I am becoming increasingly convinced that what the church needs is not more people with seminary degrees, but more people who see their 'ordinary lives' as something more than 'ordinary.' We need more people to stop allowing our witness to be diluted either by superficial and hollow displays of religiosity, or by self-indulgent compromise in the name of 'freedom.'

I am becoming increasingly convinced that what we need is people who understand that life in the kingdom of God is extra-ordinary. Not in the sense of being spectacular, but in the sense of being able to see the power of God in simple demonstrations of love and peace and joy--the simple acts that we neglect precisely because we see them as ordinary or unspectacular.

So Jesus interprets that act of a poor widow who gave a small amount as a great gift, and the large donation of the wealthy man as such a small thing.
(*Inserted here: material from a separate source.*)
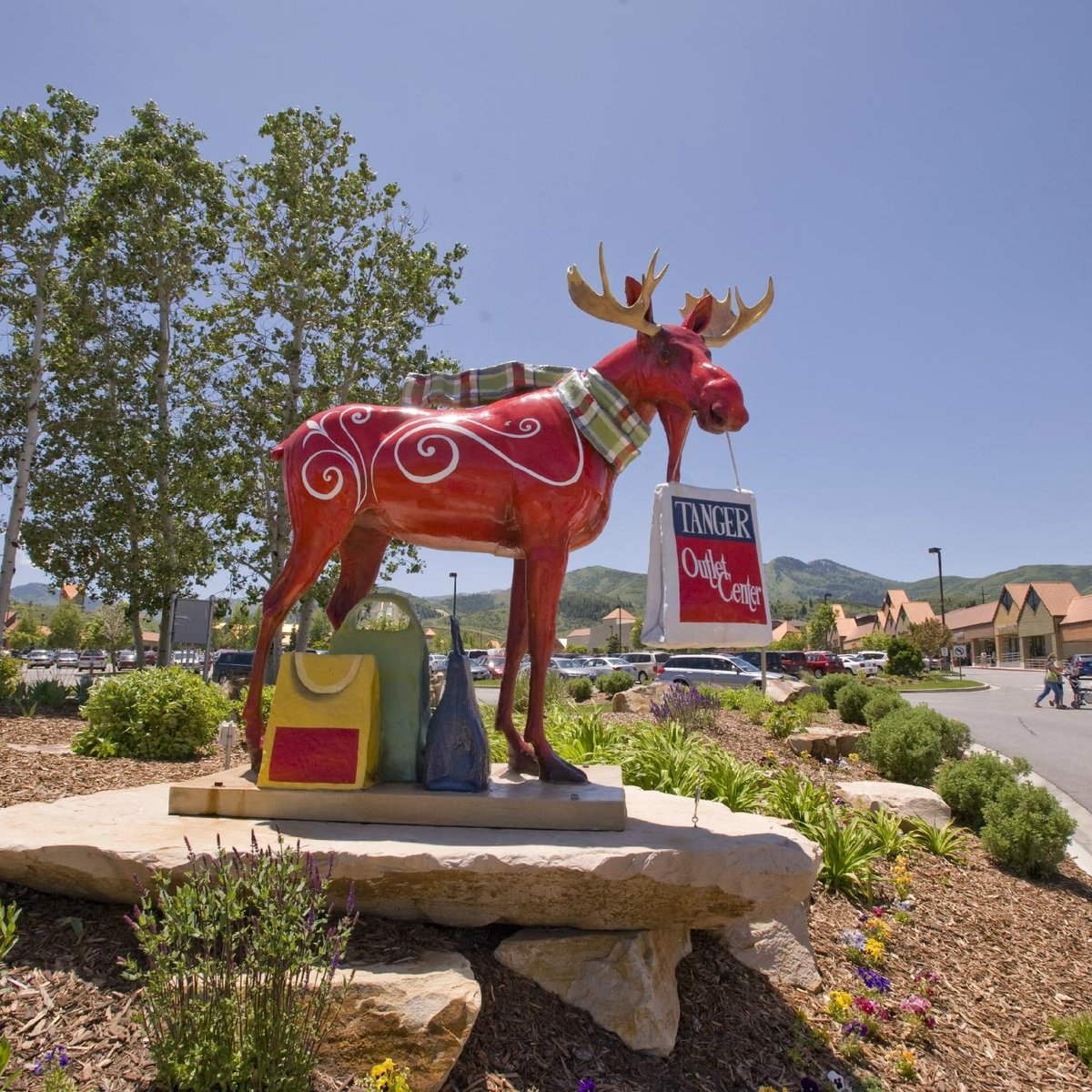 Outlets Park City - All You Need to Know BEFORE You Go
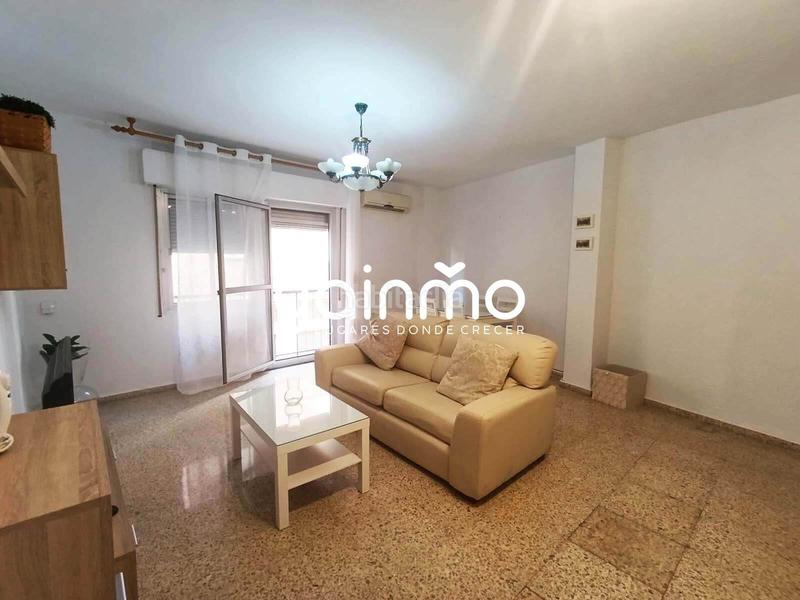 Foto 810370fe-12fc-4aaa-b8ed-1f9e2c4fcc1f. Piso se vende piso totalmente amueblado en el centro en Jaén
And he says other things like the first will be last and the last will be first.

These people who place their confidence in Jesus will be, like salt, a sign of peace and love for strangers; like salt, a people who set themselves apart for God’s will to be done on earth as it is in heaven. And like light, these people will be a sign of God’s incredible, supernatural love. They will not let their saltiness dissolve, and they will not hide their light beneath a bucket.

As the ruling and reigning of God is a reality in their lives, they will not be able to prevent others from seeing the kingdom of God among them. They will see our deeds of goodness--our expressions of the goodness of God--and praise our Father in the heavens.